Bellina Veronesi of the U.S. Environmental Protection Agency and Lung-Chi Chen of the New York University School of Medicine laboratory in Tuxedo reported data at the toxicology meeting from mice exposed to dense concentrations of pollutants collected from outdoor air. Animals without functioning apolipoprotein genes, which normally help control the production and activity of certain fats in the bloodstream, experienced runaway brain inflammation and nerve damage. This finding suggests that properly working apolipoproteins may be essential for coping with tiny inhaled particles.

People born with a particular apolipoprotein gene variant — known as APOE-4 — face a greatly elevated risk of developing late-onset Alzheimer’s disease and more general cognitive declines. In North America, Calderón-Garcidueñas says, roughly one-fifth of people carry this variant. And in Mexico City, she has found that children and young adults with the variant exhibit the most inflammation, the greatest cognitive declines and the most rapid deposition of amyloid-beta.

But Calderón-Garcidueñas has yet to prove that deposition in the brain of air particles primarily explains the brain inflammation she’s measured, says Dorman. One has to wonder, he says, whether the “widespread nasal damage” that she depicted was a major contributor to inflammatory brain damage or independent of it.

Calderón-Garcidueñas is aware of the issue. She notes that work by others has shown that inflammation-provoking cells or chemicals have the potential to migrate from distant sites into the brain, triggering fallout damage there.

But whatever the source of inflammation in the brain, Calderón-Garcidueñas would like to see people who may face an elevated risk for pollution-triggered neural damage identified and counseled about lifestyle changes that could reduce that risk.

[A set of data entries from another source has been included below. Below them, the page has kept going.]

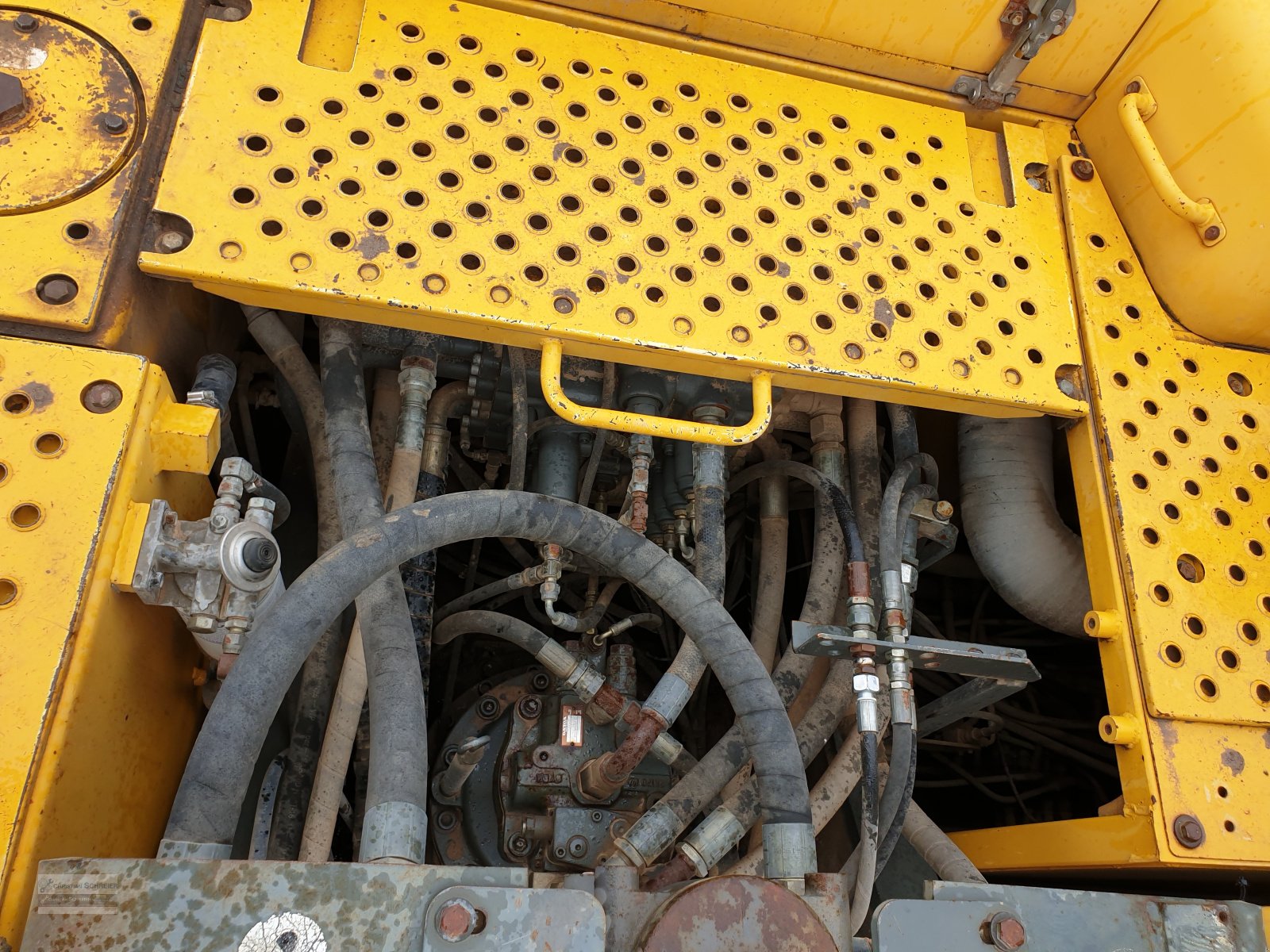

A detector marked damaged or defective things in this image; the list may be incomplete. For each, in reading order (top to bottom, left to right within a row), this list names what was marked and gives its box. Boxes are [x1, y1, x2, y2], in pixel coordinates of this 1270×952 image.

rusted bolt [0, 71, 25, 124]
rusted bolt [101, 113, 128, 135]
rusted bolt [157, 231, 187, 254]
rusted bolt [37, 275, 78, 305]
rusted bolt [83, 381, 124, 413]
rusted bolt [1168, 812, 1199, 847]
rusted bolt [434, 904, 477, 949]
rusted bolt [985, 919, 1026, 952]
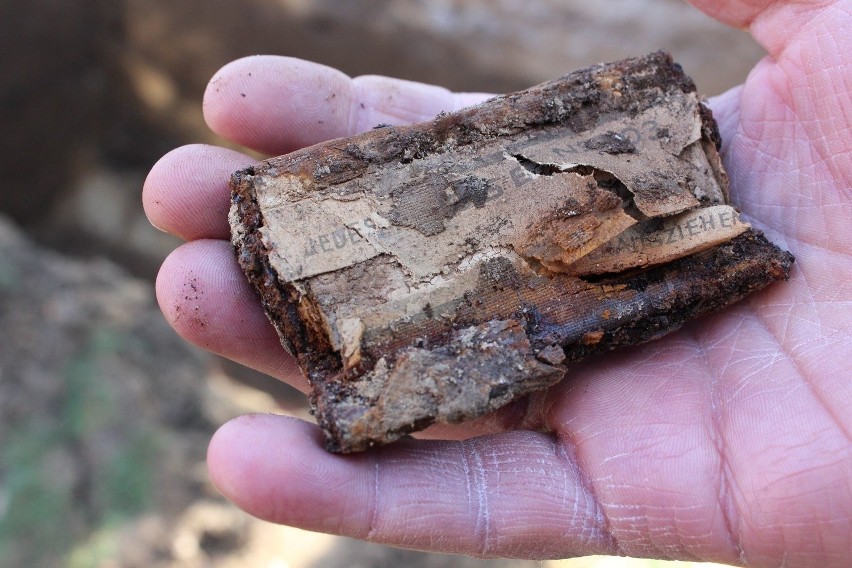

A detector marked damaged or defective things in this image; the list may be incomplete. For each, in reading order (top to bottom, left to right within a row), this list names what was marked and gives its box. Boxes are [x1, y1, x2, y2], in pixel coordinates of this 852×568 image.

corroded rectangular object [228, 52, 792, 452]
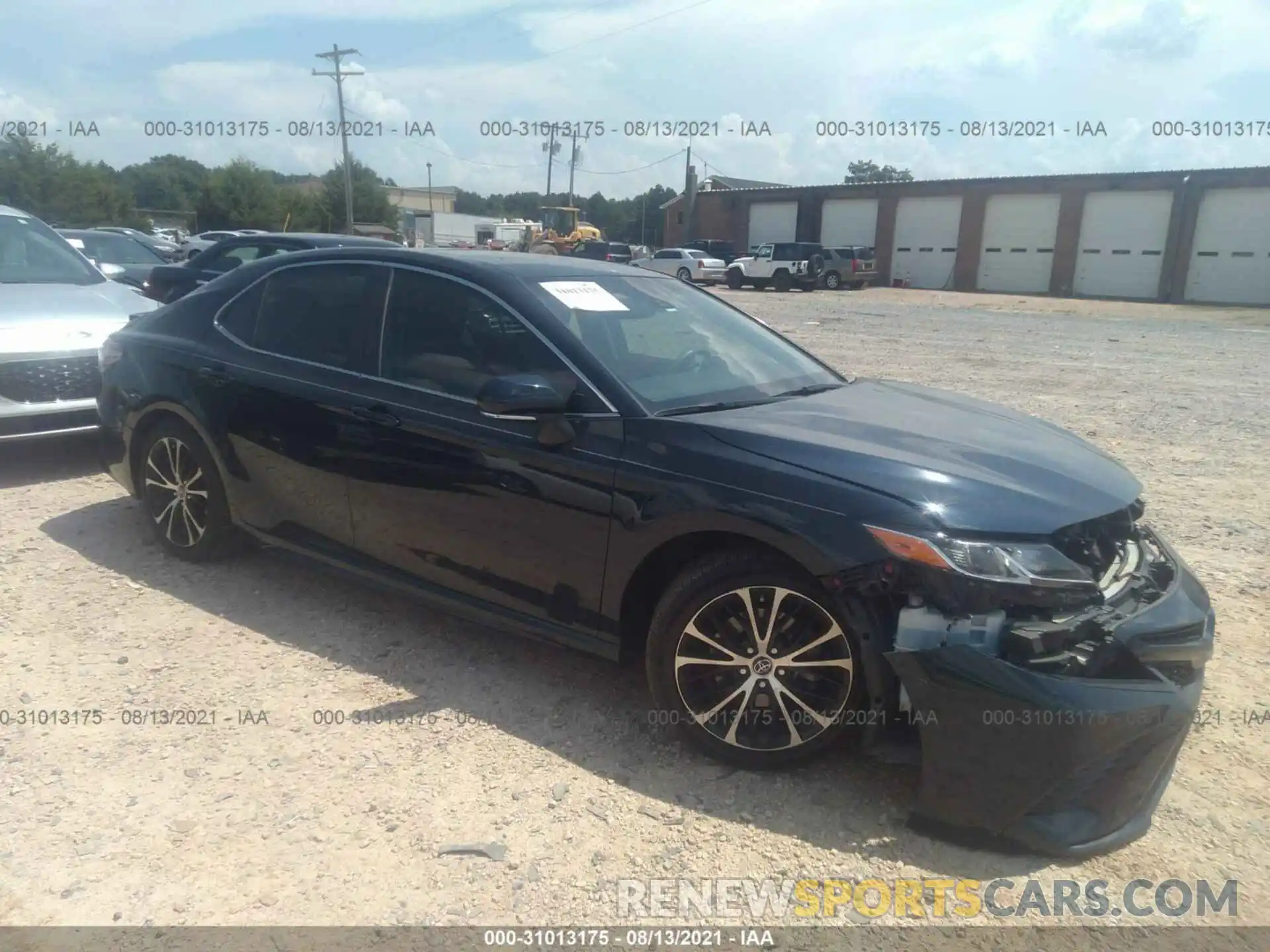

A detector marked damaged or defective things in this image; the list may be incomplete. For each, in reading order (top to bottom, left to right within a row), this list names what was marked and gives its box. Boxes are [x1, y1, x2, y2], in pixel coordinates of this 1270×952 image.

For instance, people with the APOE-4 gene variant might give up cigarettes, take low-dose anti-inflammatory drugs or find jobs that won’t expose them to inflammatory agents, such as the endotoxin in chicken manure.

These people might also look to change their diet, eating foods rich in inflammation-limiting antioxidants, like brightly colored fruits and vegetables, or dark chocolate. She recently began feeding commercially available chocolate rich in polyphenols, a class of natural antioxidants, to treat inflammation ravaging the hearts and minds of mice.

The data are still preliminary, cautions Calderón-Garcidueñas. But from all appearances, she chuckles, the chocolate “works wonders!”